Fowlers Honored at Event Marking 10-Year Anniversary of Law School’s Naming Two-time U.S. Attorney General William Barr was the event’s keynote speaker.

Dale E. Fowler is given Chapman’s highest honor, the C.C. Chapman award.

The highest LSAT scores and most diversity among entering classes. A first-time bar pass rate higher than the state average. A continued rise in rankings.

All of these significant milestones were achieved over the last decade with the help of a $55 million gift from Dale E. and Sarah Ann Fowler to Chapman University’s law school. With the gift, the school, which opened in 1995, was named the Dale E. Fowler School of Law.

“Without your support, without your vision, without your constant encouragement, Fowler School of Law would not be what it is now,” Chapman President Daniele C. Struppa said during a March 13 luncheon celebrating the anniversary of the naming of the school. “And so today, we celebrate this great school and the accomplishments of the last 10 years, and we’re here to celebrate you and to thank you for what you’ve done.”

Matt Parlow and Bill Barr
Chapman Executive Vice President and Chief Advancement Officer Matt Parlow interviews former U.S. Attorney General Bill Barr.

At the event, Dale E. Fowler ’58 was given the C.C. Chapman Distinguished Service Award, the university’s highest honor. It has been given only nine times in the last 45 years.

“There are very few individuals who have had the same transformational impact on Chapman,” Struppa said.

The $55 million gift was the second-largest gift reported to a law school at the time. The Fowlers also gave $45 million in 2018 to the Fowler School of Engineering.

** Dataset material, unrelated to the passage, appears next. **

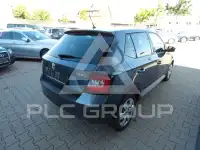 2016 Skoda Fabia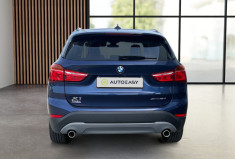 BMW X1 Xdrive 18d Business Design BVA8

Dale E. Fowler has served on Chapman’s Board of Trustees since 2011. An Orange County native, he paid his way through college and made his first real estate investment before graduation. From that 10-unit Huntington Beach apartment building, he went on to build a thriving business in industrial property development, eventually expanding throughout Orange and Riverside counties. Two of the Fowlers’ three children attended Chapman.

“As a Chapman alumnus, I’m honored to be able to have an impact on generations of students to come,” Dale Fowler said when his $55 million gift was announced.

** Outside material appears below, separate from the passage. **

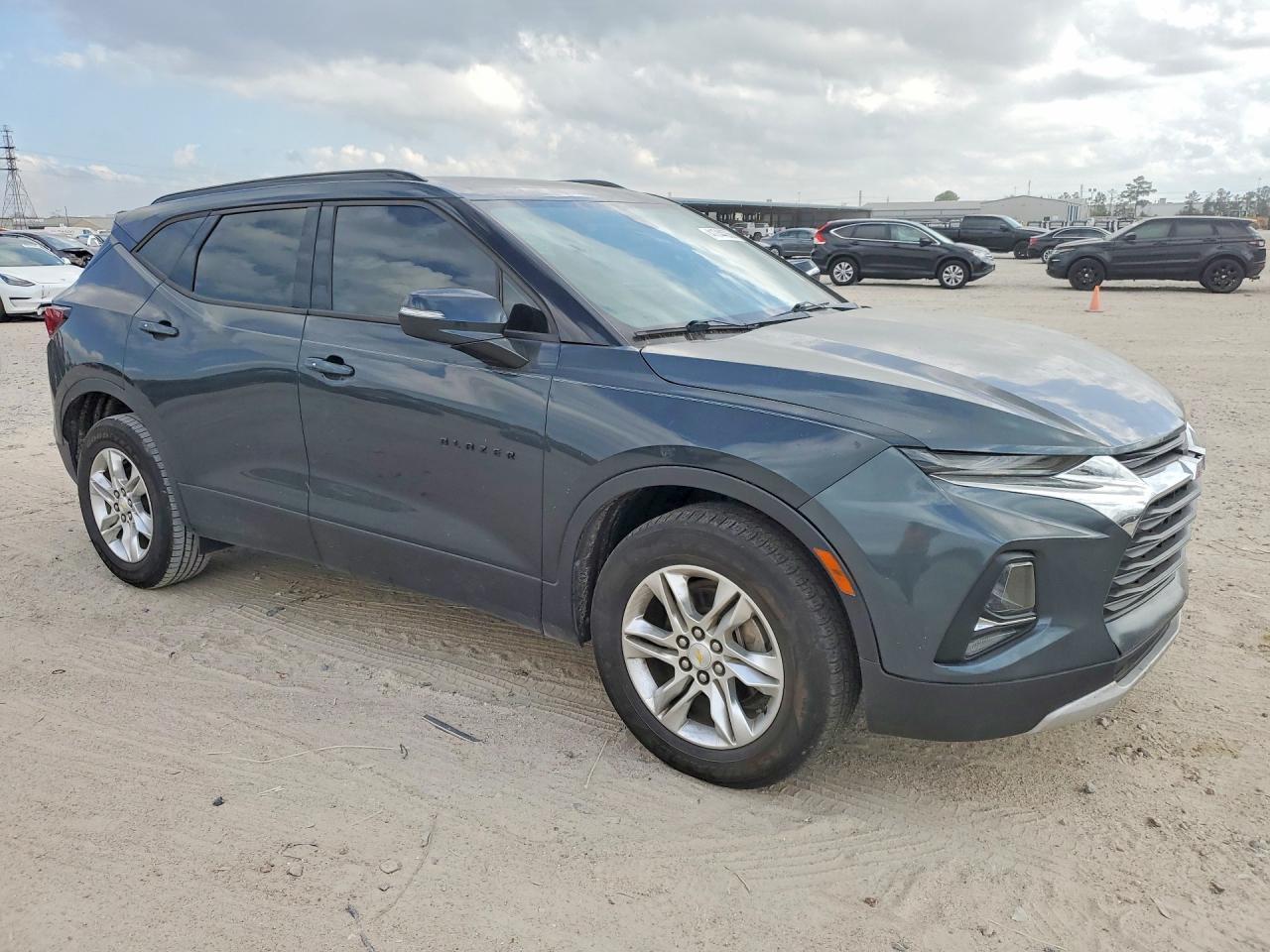 2019 Chevrolet Blazer 2Lt - Image 4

When the law school opened about 30 years ago, it was the only law school on a university campus in Orange County.

Then-Chapman President Jim Doti said at the school’s naming dedication in 2013 that the Fowlers “are helping to create a new trajectory for our law school that will lead to real prominence in terms of the impact it will have on legal education.”

At the luncheon, Jillian Friess Leivas (JD ’20) and Jodee Storm Sullivan (JD ’24) both thanked the Fowlers and spoke about the impact the law school had on their professional and personal lives.

The event’s keynote speaker, two-time U.S. Attorney General William Barr, spoke about his career and current issues as reflected in his book “One Damn Thing After Another: Memoirs of an Attorney General.”

He joked that he went into law after working for the CIA because “my mother made me do it.”

“I decided to make her happy and go at night … I had always been interested in law and the Constitution,” he said.

Barr was attorney general from 1991 to 1993 and from 2019 to 2020. He was the second person in U.S. history to hold the office twice.